▶ [Exercise description] Without reproducing any image, print the listing below exactly.

▶ [Recorded data]
====================
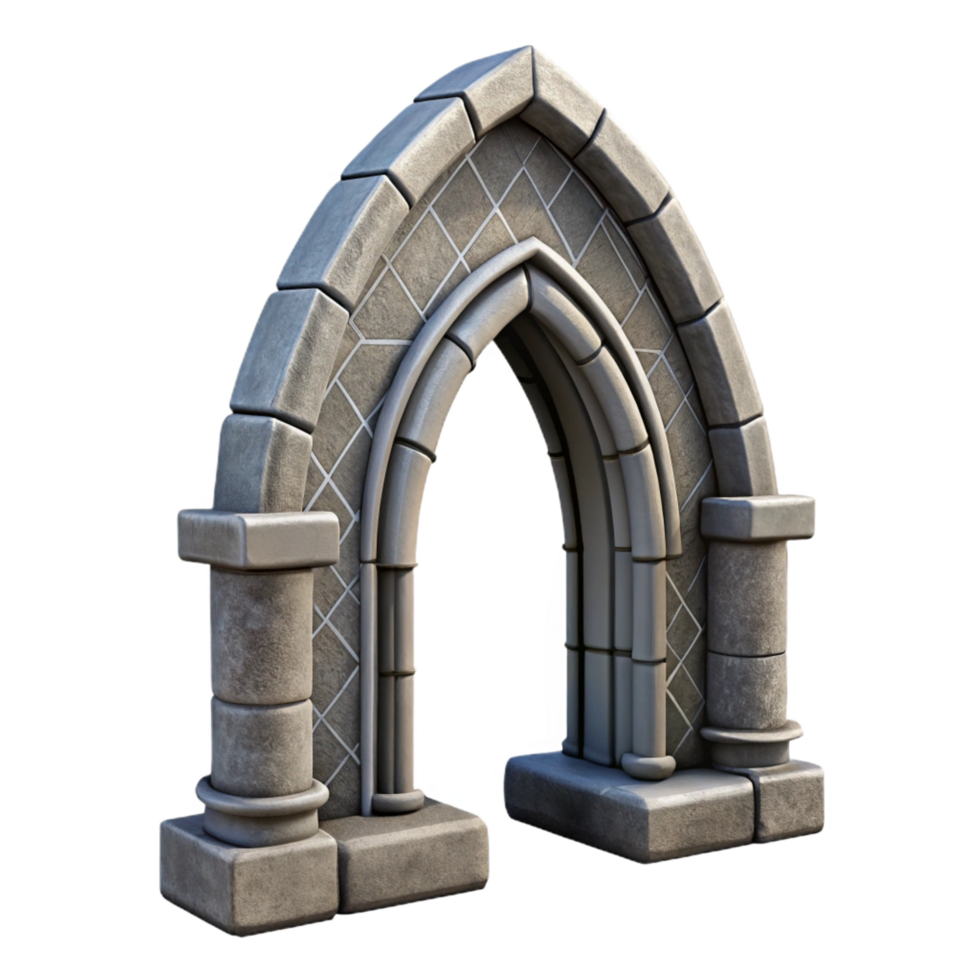 exquisite classic Gothic arch, stone, weathered, NO BACKGROUND with Transparent Background. museum quality png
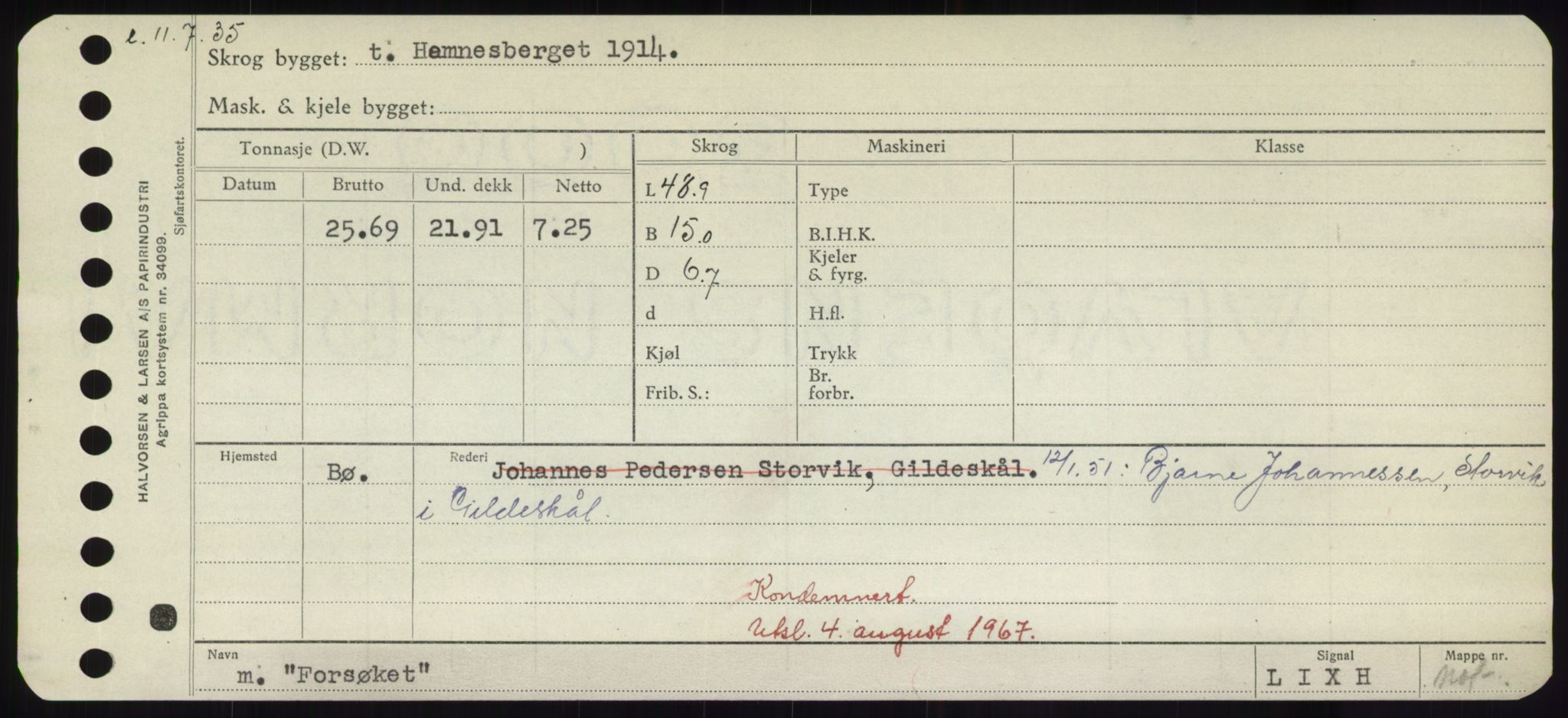 Sjøfartsdirektoratet med forløpere, Skipsmålingen, RA/S-1627/H/Hd/L0011: Fartøy, Fla-Får, p. 193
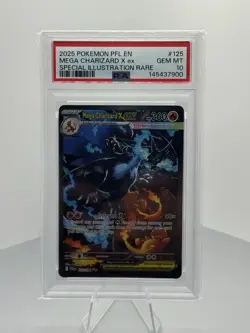 PSA 10 GEM MINT Mega Charizard X ex SIR 125/094 Pokemon Phantasmal Flames - Image 1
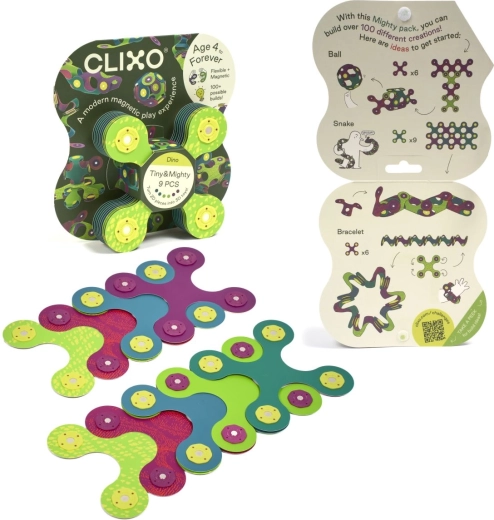 CLIXO Tiny & Mighty Dino set de construcție magnetic - 9 piese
====================
▶ [Answer to this problem]
 exquisite classic Gothic arch, stone, weathered, NO BACKGROUND with Transparent Background. museum quality png
 Sjøfartsdirektoratet med forløpere, Skipsmålingen, RA/S-1627/H/Hd/L0011: Fartøy, Fla-Får, p. 193
 PSA 10 GEM MINT Mega Charizard X ex SIR 125/094 Pokemon Phantasmal Flames - Image 1
 CLIXO Tiny & Mighty Dino set de construcție magnetic - 9 piese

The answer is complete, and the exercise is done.